We pass Iglasia d Santa Maria, a 13th century church in the middle of town and get our credentials stamped by an elder woman.  She smiles and greets us. She is reserved and kind, wearing a dress from another time.  So many of these elders have a similar look. Walking with cows or stamping passports, they seem outside of this moment.  We wonder what they saw in the years of Franco here.  It seems the ghosts of Spain are everywhere. Later in the morning we cross a monument to the Civil War dead here, found right here, decades after their deaths.  

The Monumento de los Caidos, ‘monument to the fallen” is 15 k into our walk.  It memorializes Franco supporters disappeared and dumped into the valley below.




Everyone is battling something to get through this.  People are fighting all sorts of things.  The German woman without hair hiking with her husband, cancer eating at her, our girls walking together.  Everyone has some challenge. 

We'd hike another 12 k   to San Juan de Ortega and Ages.  








That afternoon, we stayed in Atapuerca, a town famous for its prehistoric humanoid artifacts, including a prehuman species, the homo antecessors, cannibals. 

The inn we find stands on a field, just outside a small medieval village.  Everyone hangs their laundry on laundry lines and drinks beer in the garden on our arrival. Its picturesque and peaceful.  We have a room to ourselves in a little cottage with a common room.  The space is ideal.










Yet, instead of just staying and enjoying the scene, somehow I feel compelled to go see the architectural site at Atapuerca, without knowing that most of the findings are in Burgos and Madrid.   The girls remain behind while I take part in the three hour tour in the burning sun. We would not get back till 7:30 PM.
















I could not have been happier to see Caroline on my return, thirsty and hungry, one too many hikes and trips for a day.

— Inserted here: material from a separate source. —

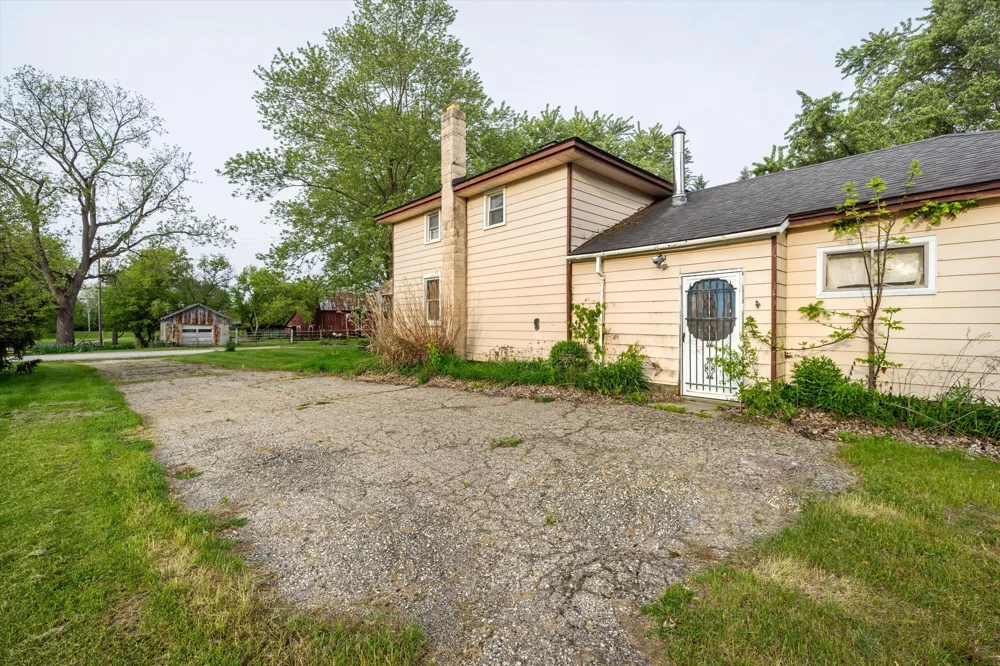 1120 Jewell Road Milan, MI 48160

A group of Canadians accompany me on the excursion. In their 70’s are full of energy.  One of the group walked the complete Camino two years prior.  


This year they are only walking a stretch.  Two from Sweden, others from Canada and the US, the four of them have been travelling together for years.  This is their final night.  So they linger at dinner long after we depart to walk outside looking at the sun on the countryside.



























A peaceful night in the Spanish sun after a long day on the road. 



We leave the window open again and a mosquito joins us in the night.  By the time we arrive in Burgos the next day, hives have broken out all over my body, some from the bedbugs over the previous nights, others ostensibly from this late night culprit.